Telle n’est point l’opinion de M. Martinez de la Rosa ; il se complaît, il s’exalte dans la contemplation de son œuvre ; le statut est pour lui une des conceptions gigantesques et définitives qui font époque dans l’histoire des nations, et après lesquelles l’humanité n’a plus qu’à se croiser les bras et à s’endormir dans son repos. C’est la pierre philosophale de la science du gouvernement, et il s’étonne que, possédant un si précieux trésor, l’Espagne ose aspirer à quelque chose de mieux. Il ne doute point d’avoir pris rang du coup parmi les grands législateurs de l’antiquité ; Lycurgue et Charondas, dieux déchus, s’inclinent devant lui ; il ne leur reste plus qu’à se voiler la face.

Encore faut-il tout dire : M. Martinez commet une usurpation en s’attribuant à lui tout seul la gloire du statut royal ; la gloire, s’il y en a, revient autant à ses collègues qu’à lui. Le projet fut discuté au conseil des ministres pendant plus de trente séances, et l’opinion du président ne triompha pas toujours. Quand on fut d’accord sur tous les points, il fut chargé de la rédaction ; son travail même fut modifié et soumis à trois ou quatre lectures préliminaires.
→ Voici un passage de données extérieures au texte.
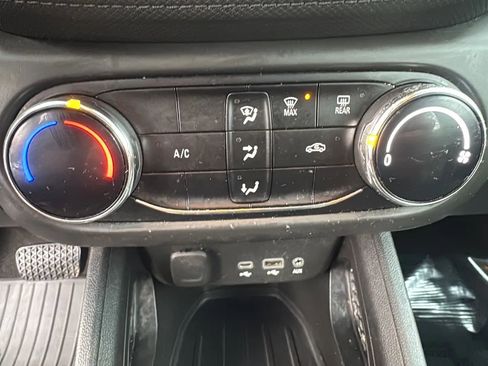 Used 2022 Chevrolet TrailBlazer LS image 15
Ainsi son rôle s’est presque borné à celui d’un simple commis-rédacteur. Seulement, comme M. Martinez de la Rosa a baptisé de son nom le ministère dont il était le chef, les actes de ce ministère retombent, et le statut royal avec tous les autres, sous sa responsabilité politique.
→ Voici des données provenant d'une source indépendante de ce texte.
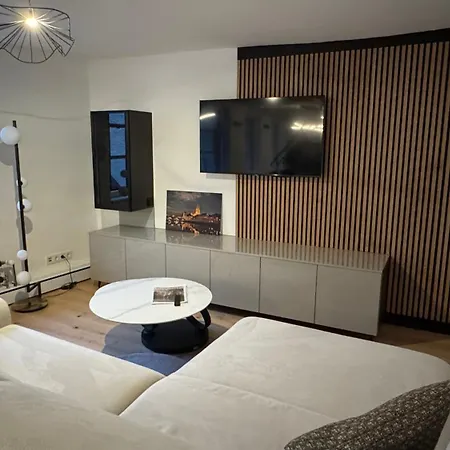 Apartment Brück Residenz - 100qm Altstadtwohnung An Der Steinernen Brücke Regensburg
Tel qu’il est, et quoiqu’inférieur en tous points à la constitution de 1812, qui était loin pourtant d’être parfaite, le statut royal n’en a pas moins eu l’honneur de rompre le long silence imposé à l’Espagne par la tyrannie du parjure et de la violence. Une tribune s’est élevée ; des voix long-temps étouffées s’y sont fait entendre ; la car-

  1. Une loi provisoire, portée par M. de Toreno dans les derniers jours de son administration, fixe l’organisation des municipalités et abolit les charges héréditaires ; mais cette loi est postérieure de dix-huit mois à la promulgation du statut royal.